The musicians’ contrasting approaches ended up shaping the album’s somewhat curious format—four instrumentals in Budd’s meandering style, more tone poems than actual songs, and four more structured pieces with verses, choruses, drum machine, and, of course, Elizabeth Fraser’s inimitable singing, as bold and inspired as anywhere in the band’s catalog.  There was no conscious decision to have Fraser only sing on four songs.  “That’s just what came out of the sessions,” Guthrie says.  “It was a lightweight atmosphere making it, because we didn’t actually feel that we were making a record at the time.  We were trying out some stuff in the studio, and it just evolved into what it did.  Which is, essentially, a recorded version of some people trying out some stuff in the studio.”

The sessions were over in two weeks, maybe three.  “And that was already getting a bit long,” Guthrie says, “because some of our earlier records had taken just a couple of days.”  They fleshed out the material, he adds, with one more song that the trio wrote in Budd’s absence, after they realized they didn’t have quite enough material for a full album.  (“Was I that drunk?” Budd asked, upon hearing the final version of the album, which included a song he had no recollection of making.)  As much as it may pain fans to hear it, there is no more extant material from the sessions—no outtakes, no rough drafts, no alternate versions. “For the 13 years I was in the band, we have no spare tracks at all,” Raymonde says.  “If after an hour or two a track wasn’t coming together, we’d just get rid of it.  If it wasn’t good now, our attitude was, it’ll never be any good.  So we’d think, tomorrow’s another day—let’s go to the cinema and come back tomorrow, and see how it goes.  Let’s go bowling.”
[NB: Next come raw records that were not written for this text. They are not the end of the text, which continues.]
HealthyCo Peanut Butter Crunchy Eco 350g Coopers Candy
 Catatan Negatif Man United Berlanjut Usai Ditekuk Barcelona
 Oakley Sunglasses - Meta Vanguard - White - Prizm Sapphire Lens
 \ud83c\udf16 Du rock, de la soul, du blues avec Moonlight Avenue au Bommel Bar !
The other curious thing about the album—the fact that it was credited to all four players under their individual names—followed the same intuitive logic as everything else that went into the record.  “It’s because it wasn’t a Cocteau Twins album,” Guthrie says.  Raymonde concurs: “It was simple.  All four of us have gone into the studio and done something, but it isn’t a Cocteau Twins album.”  But perhaps the passage of time has changed matters.  These days, on streaming services, you’ll find the album filed chronologically alongside the rest of the band’s work.  “What’s interesting,” Guthrie adds, “is that I got the tape boxes from the studio, and guess what it says on it?  ‘Cocteau Twins plus Harold Budd.’”  Perhaps, he seems to suggest, the group got hung up on a detail that never really mattered.  In any case, Raymonde says, “The more credit that Harold gets for the work he did, the more people that find his music because it’s in the Cocteau environment, the better.”

Despite all its quirks, The Moon and the Melodies has attracted a passionate fan base over the years.  Its most atmospheric tracks routinely turn up in ambient DJ sets. 'Sea, Swallow Me' is one of the Cocteau Twins’ most streamed songs on Spotify, second only to Heaven or Las Vegas’ 'Cherry-coloured Funk'; it has also found new life on TikTok, where it serves as the soundtrack to innumerable expressions of hard-to-express melancholy.  For such a low-key affair, the album casts a long shadow—but Raymonde believes the record’s uniqueness stems directly from its humble, unpremeditated origins.  “It’s always about making something that’s pleasurable,” he says, “capturing a moment in time between friends that are enjoying making music together.  Really, that’s the essence of it—the music was just a reflection of how nice a time we were having in the studio.”